You can't move for festivals and events at the moment. Round our way, as well as all sorts of events in and around Canary Wharf, the Spitalfields Festival has just finished, and we now have the Greenwich and Docklands International Festival. Last night, a group of us went to see Fous de Bassin, which is un spectacle in the French sense, as well as a spectacle in the rather more disapproving English sense. I've just come back from a second visit, this time a bit closer to the action.
In the Millwall graving dock, where one of the first new housing developments in the area gave each resident a mooring pontoon (virtually never used), there were some strange sights. As dusk fell on the main dock, the point of them became clear.
To whimsically tinkly music, a street scene such as you might see in a classic French comedy film unfolded: a car slowed down and stopped, enveloped in steam, the passenger (wearing a striped jacket that from a distance looked like pyjamas) got out and was apparently abandoned by the driver, so opened up a folding chair and sat to read a newspaper, a street cleaner with his wheely-bin came past and offered advice (and incidentally magicked up some lamp-posts as he passed), a pregnant lady sauntered past greeting everybody, and returned surprisingly quickly with an apparently occupied pram. An officious looking person (a postie?) on a bicycle pedalled very fast to go nowhere, blowing a whistle the while; and then an oversized bed appeared. Since, by the way, all this was taking place on the water (everyone floating along presumably with their own hidden electric motor), the bed was being rowed along by its occupant. As you do.
A female figure with an eighteenth-century wig and a huge red ball-gown came slowly into view, perched on top of a paddle wheel, five metres above the water, the wheel being powered by a slave caged within like a hamster. The occupant of the bed having for some reason torn it open and thrown around its feather filling, the surface of the water was now strewn with feathers which took on rainbow colours in the lights.

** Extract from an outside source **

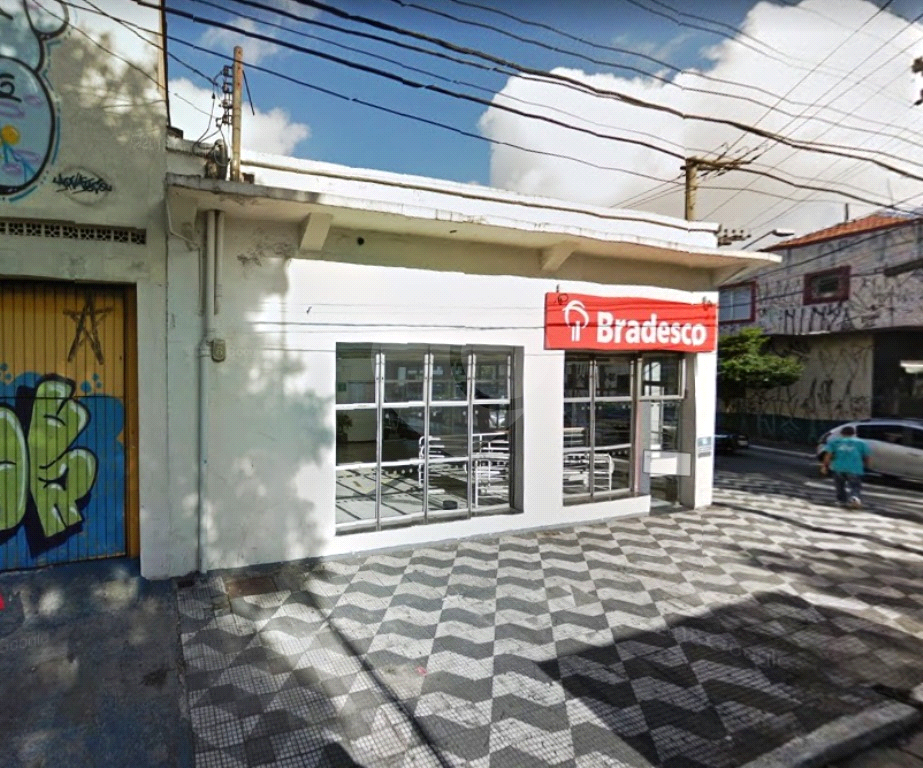 Imovel comercial com 800m esquina próxima a Anchieta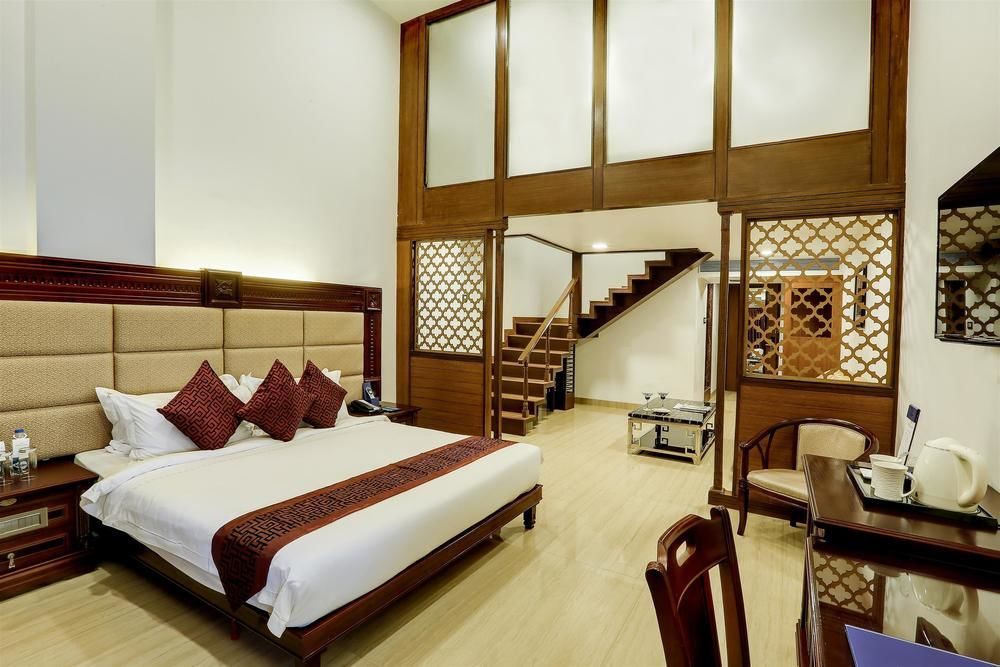 Golden Chariot Vasai Hotel Exterior photo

Then, as the darkness became complete, there was thunder. Flames began to appear, and the music became menacing. Two angel-like creatures zipped around jousting with fiery lances, and the wings of one caught fire (as did the hair of the man reading a newspaper). A Viking-esque longboat with a series of flaming flares along its length appeared, bearing an exuberantly priapic demon-king figure gesticulating among his acolytes, along with a Tinguely-like machine with a series of water-scooping wheels: they swooped around as what looked like a battle developed, and fireworks shot up from the water. As the fireworks reached a climax, the longboats and the angels weaved around each other and all the other participants, who were shouting incomprehensibly; the ball-gown woman writhed in artistically-posed agony on top of her paddle wheel. The street-scene had become a nightmare: the postie was now a sinister-looking clown, the mother now had a child and a creepily military mannequin in tow. As the fireworks reached their climax, the car now re-appeared towing a caravan.
There was music; there was fire; there were fireworks; it was on my doorstep; and it was free.